Der östlichste Nordosten von Estland ist fast wie Russland; hier leben 97% Russen. Das hörte sich interessant an für uns und wir haben uns auf den Weg in diese abgelegene Gegend gemacht. Beschreibung im Reiseführer: Industrie der Sowjet-Ära, typische sowjetische Arbeitersiedlungen, Abbau von Ölschiefer Sowjet-Beton-Ruinen, BetonWerk, Urananreicherungsanlage, stark russisch geprägtes Grenzland… Und dann in Narva – der Grenzübergang nach Russland.

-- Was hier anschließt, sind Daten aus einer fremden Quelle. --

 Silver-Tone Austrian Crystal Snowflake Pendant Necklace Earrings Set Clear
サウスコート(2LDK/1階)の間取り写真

Von Tallinn mit einem kurzen Spaziergangsabstecher an die Küste, war Sillamäe unser erstes Ziel. Es war schon die zweite Stadt, in der wir als erstes den Hafen sehen wollten. Aber – das scheinen „reine“ Industriehäfen zu sein. Schon die Straße dorthin ist privat aber befahrbar. Wir sind einfach so weit gefahren wie es geht – bis kurz vor die Hafentore. Und fanden uns in RIESIGEN Holzlagern wieder. Dies ist also eines der Ziele der vielen holztransportierenden LKWs. WOOOOW, unglaublich unfassbar wie viele 3-4 Meter lange Baumstämme sortiert nach Birke, Nadelholz und noch etwas anderem. Meterhohe und hundertemeter lange „Mauern“ aus Baumstämmen. Kaum vorstellbar was für riesen Flächen an Wald das einmal gewesen sein muss – und, ja doch vorstellbar, weil durch diese ewigen Wälder fahren wir seit 2 Wochen… Ganz offensichtlich waren wir an diesen Holzlagerplätzen aber nicht erwünscht.

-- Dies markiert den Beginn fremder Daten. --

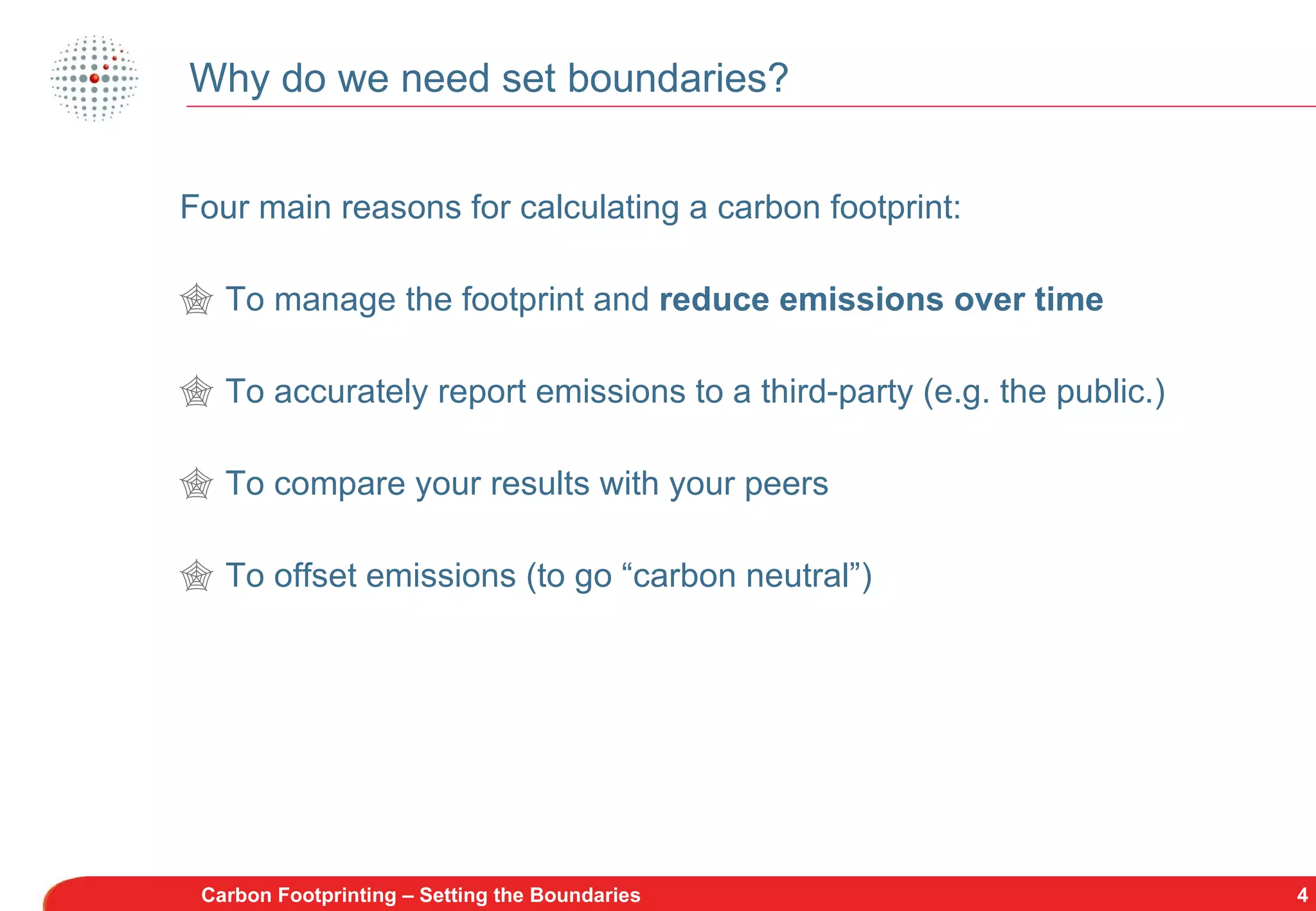 Why do we need set boundaries? Four main reasons for calculating a carbon footprint: To manage the footprint and  reduce emissions over time To accurately report emissions to a third-party (e.g. the public.) To compare your results with your peers To offset emissions (to go “carbon neutral”) Carbon Footprinting – Setting the Boundaries 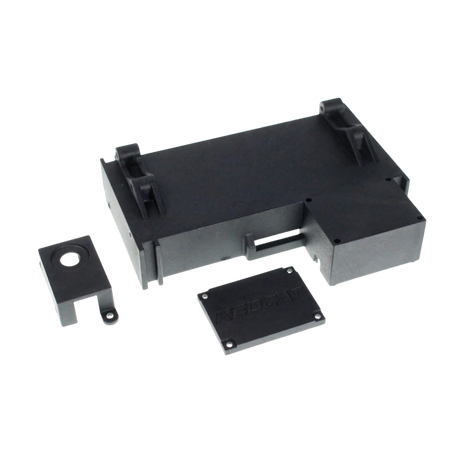 Black electronic component on a white background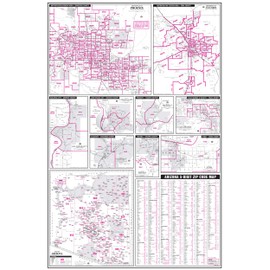 Arizona 5-Digit ZIP Code Map Full-Size Gloss Ready-to-Hang Wall Map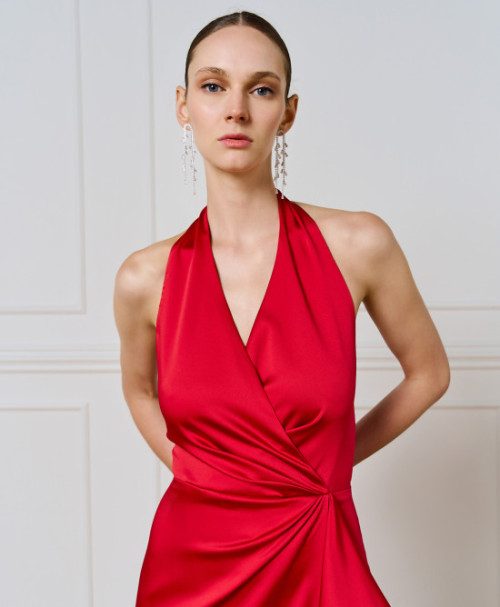 Feminine Sophisticated Lustrous Glamorous Floor length Flattering Woman's Midi Dress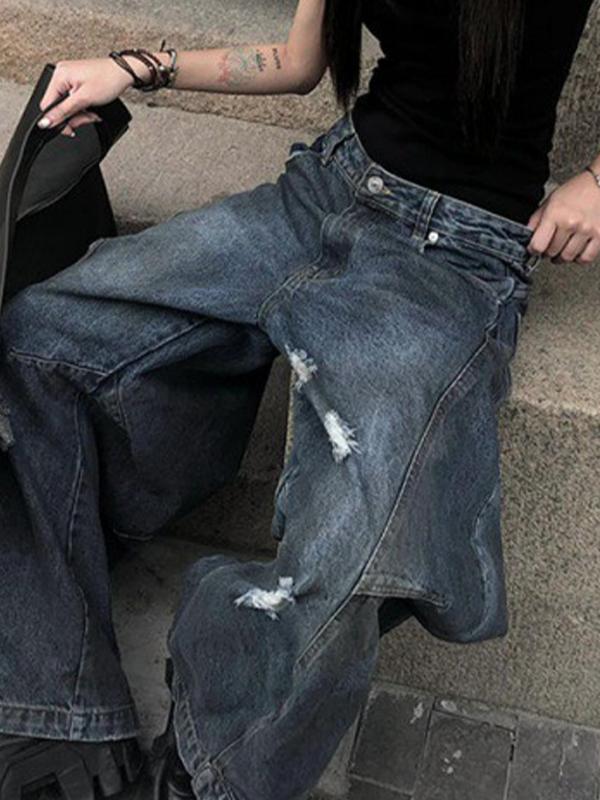 Retro Distressed Dirty Dyed Wide Legs Boyfriend Jeans Product Image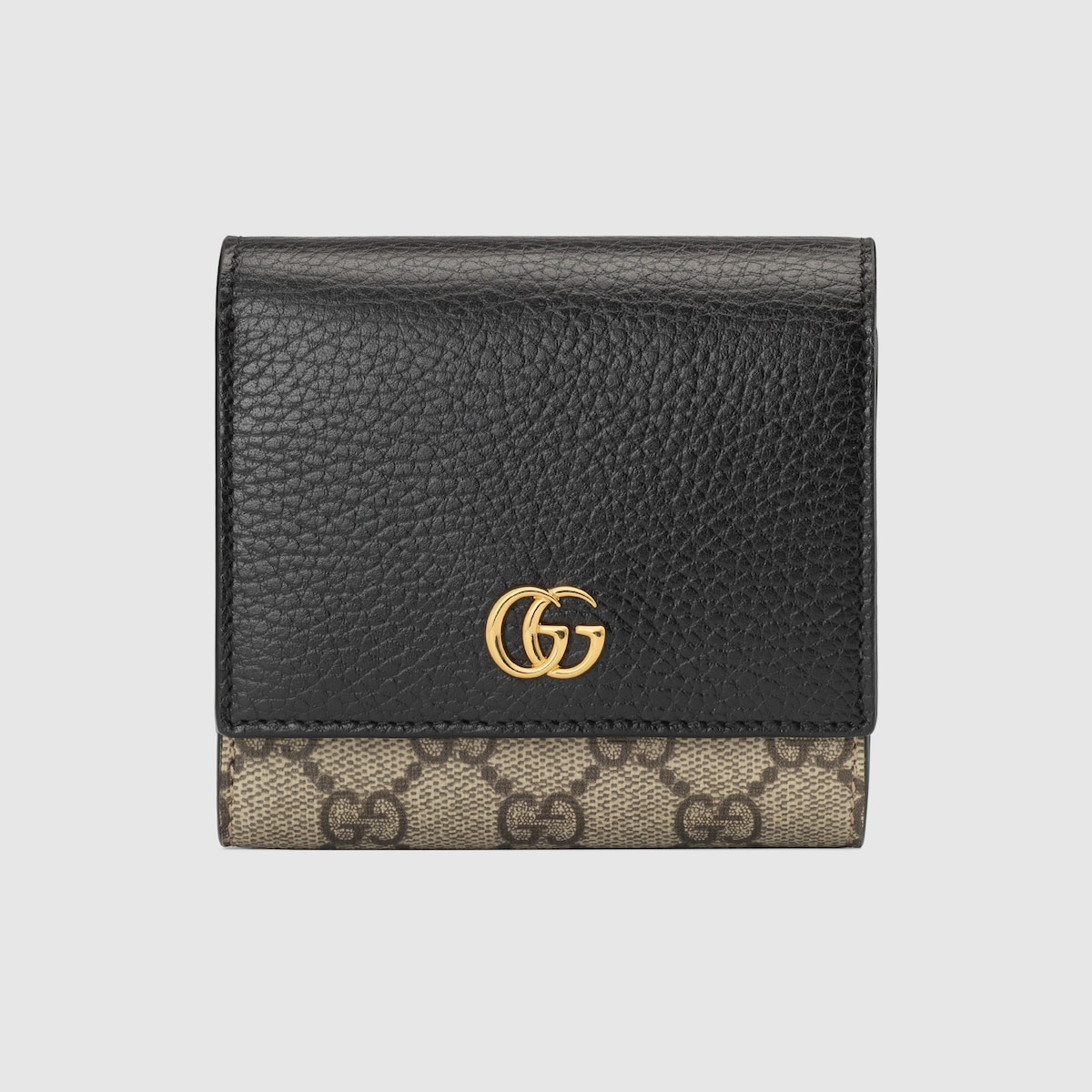 GG Marmont bi-colour medium wallet in black leather and GG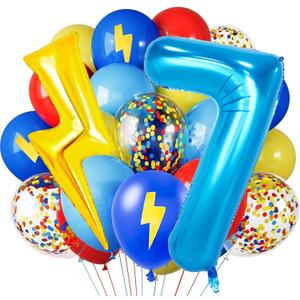 Red Blue Yellow Balloons, 40 Inch Blue 7 balloon number Lightning Bolt Balloon Confetti Balloons for Toy Carnival Party Decorations 7th Birthday Decorations for Boys (Blue 7)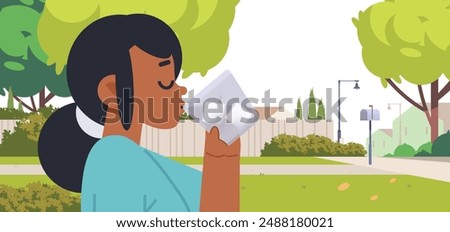 Young African American girl drink cold clear water on house yard. Hot weather flat vector illustration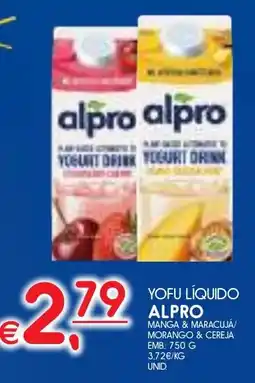 Meu Super yofu líquido alpro manga & maracujá/ morango & cereja promoção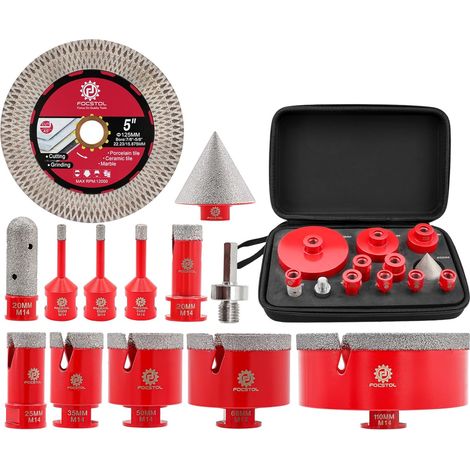 Foret Diamant Carrelage Kit - 13 pièces (6/6/8/20/25/35/50/68/110mm+20mm Fraise+50mm Mèches Chanfrein Biseautée+Adaptateur+125mm Disque) Scie Cloche Carrelage Kit pour Porcelaine Marbre Granit (1/5)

Eine Stadt wie Sillamäe hatten wir beide noch nicht erlebt. Riesige Gebäude, die einen mit Häusern im stalinistischen Stil (so die Reiseführer Beschreibung der Architektur) die anderen „Arbeiter Baracken“, dicht an dicht. Viele Häuser zerfallen einfach so vor sich hin, manche sehen aus als seien sie einsturzgefährdet aber offensichtlich wohnen Menschen dort und die vielstöckigen „Baracken“ – um Himmels Willen – wer wohnt da, wer möchte da wohnen und was tut man, wenn man da wohnt? Wir sehen viele sehr junge Mütter mit kleinen Kindern – „was soll man hier auch sonst tun“ sagt Moksha. Sillamäe war zunächst ein beliebter Badeort der Oberschicht von St. Petersburg. Dann wurde es zu einem wichtigen Industriestandort ausgebaut. Im Krieg dann ziemlich zerstört und danach unter sowjetischer Besatzung wieder aufgebaut und mit Russen besiedelt. „Sillamäe existierte auf keiner Landkarte und durfte nur mit Sondergenehmigung betreten werden“ schreibt der eine Reiseführer. Der andere schreibt, dass es auch Leningrad 1 oder Moskau 400 genannt wurde. Im Gespräch mit anderen Reisenden haben wir uns auf Silladingsbums geeinigt, das war für uns einfacher.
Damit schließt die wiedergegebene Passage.